For many real estate professionals, Stratus is a foreign name. Unless you operate in Ontario Canada or Long Island, NY, you may not have experienced their MLS system. Having said that, those two markets equate to over 100,000 users – giving Stratus significant scale.
Today, AMP Systems, LLC – a Stratus sister company – and Stratus are working on two projects that reimagine the MLS. In Toronto, they have formed a joint venture with the Toronto Regional Real Estate Board and Teranet, the land registry for Ontario to build an MLS backend that is not only built for that province, but will be made available for all of Canada – should other Realty Boards wish to adopt. In the United States, AMP Systems will enter into similar joint ventures where MLSs will own their backend data system. AMP Systems will continue to deliver, develop and maintain the backend. Once MLSs switch to this system, they will never need to go through a system conversion again. It is meaningful to note that AMP Systems acquired the assets of Advanced Multiple-Listing Platform or AMP from Realtors Property Resource, LLC, a wholly owned subsidiary of the National Association of REALTORS®. They pioneered the concept separating the backend database from the front-end application. Unfortunately, the idea of NAR managing the backend database for MLSs did not gain much traction; AMP Systems overcomes this concern by creating a joint-venture with their clients.
The second project that Stratus is working on is in Europe.
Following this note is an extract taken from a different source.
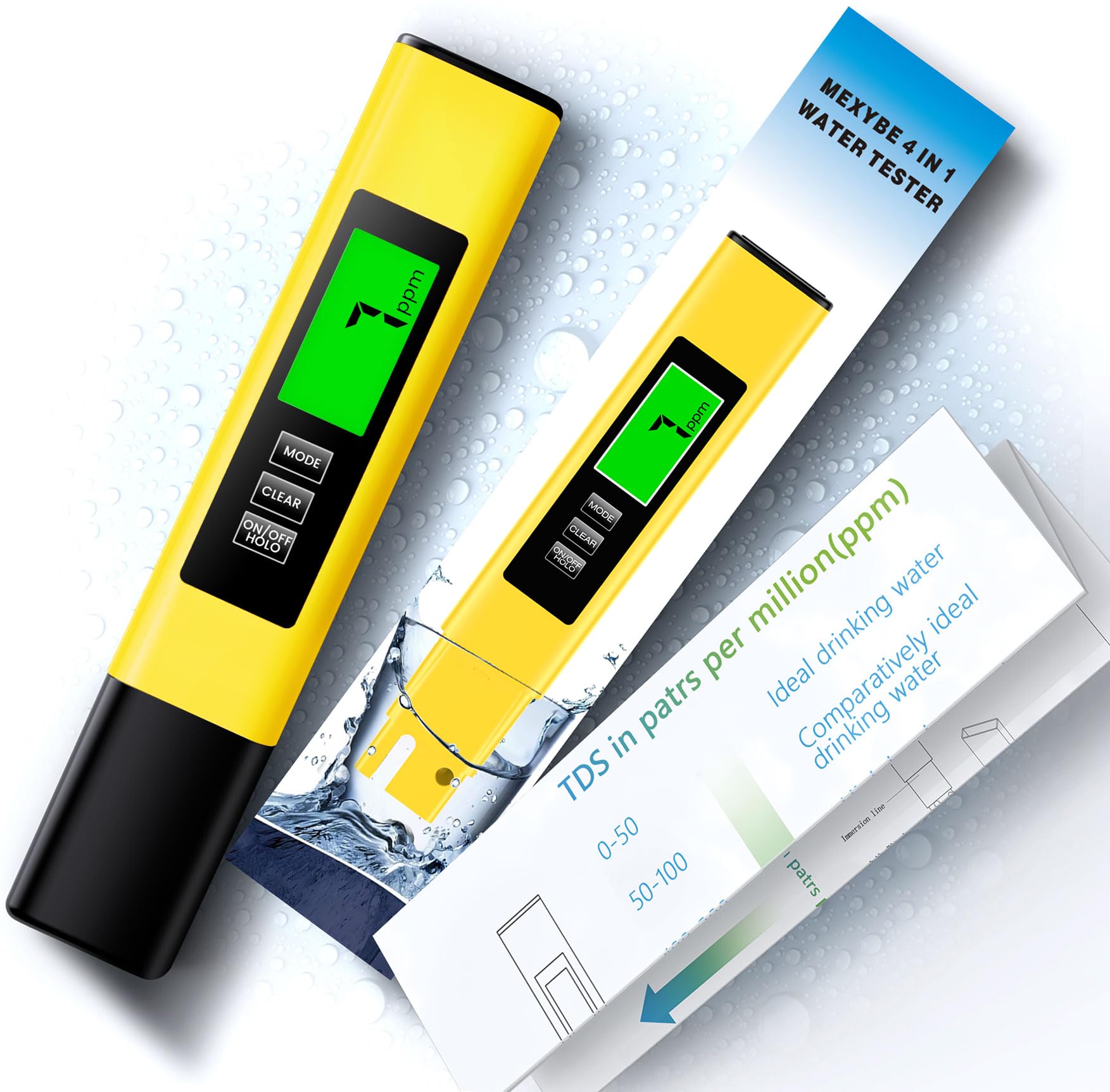 2024 All-New 4 in 1 Tds Meter Digital Water Tester - Accurate and Reliable TDS EC & Temp(°C,°F) Meter - 0-9990ppm - Professional Testing for Drinking Water, RO/DI System, Aquariums etc-image-42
There, they have partnered with the ČSOB Group – a wholly-owned subsidiary of KBC Bank NV of Belgium. They are about the size of Capital One bank operating in Belgium, Ireland, Central Europe, and South-East Asia (50,000 employees). In partnership with Stratus, the financial institution is launching a property management portal in the Czech Republic. Consumers will log into their bank, pay their phone bill, gas bill, water bill, mortgage, car loan, etc. If they want to sell their home, Stratus provides access to listing agents. When the property is listed, other agents can see the property for comparative purposes, but there is no offer of compensation. At launch, five million consumers will have access to the platform.
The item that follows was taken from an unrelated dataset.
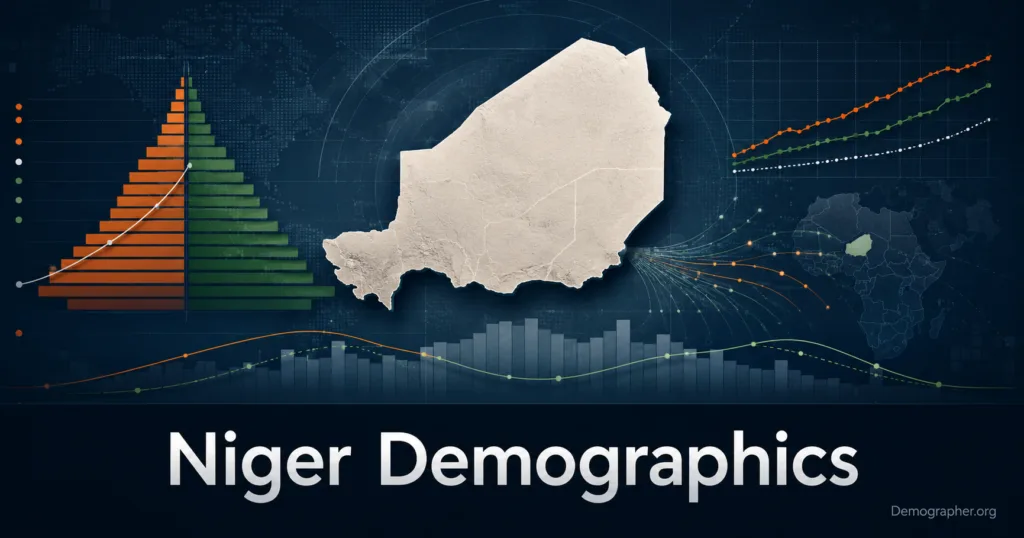 Niger demographics show rapid population growth and a young age structure with increasing urbanization, emphasizing the country's high fertility rates.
Stratus may have sparked some innovation here in America; we have always thought of the MLS as an agent-centric ecosystem. Sure, there are client servicing tools, but they are limited to buying and selling a home. What other consumer-focused homeownership programs can the MLS offer, that ties them to the agent and broker for life? Can the MLS be a homeownership portal?
Those are thought starters for your next brainstorming meeting. Should MLSs invest and own their backend system? There are some MLSs that participate in the Common Data Platform and The Grid that think so. And CRMLS has the CRIB.
What is the long term consumer strategy for MLSs? Perhaps CoreLogic is thinking this way with OneHome.
I wish all success with the Reimagining.
My thoughts on reading this post bring home a favorite saying … Only Variety Absorbs Variety (W. Ross Ashby). The challenge looms on the ability of STRATUS & CO. to generate and maintain sufficient variety to propagate the re-imaging.
Just sayin’ following my half a century of sitting in front of computers.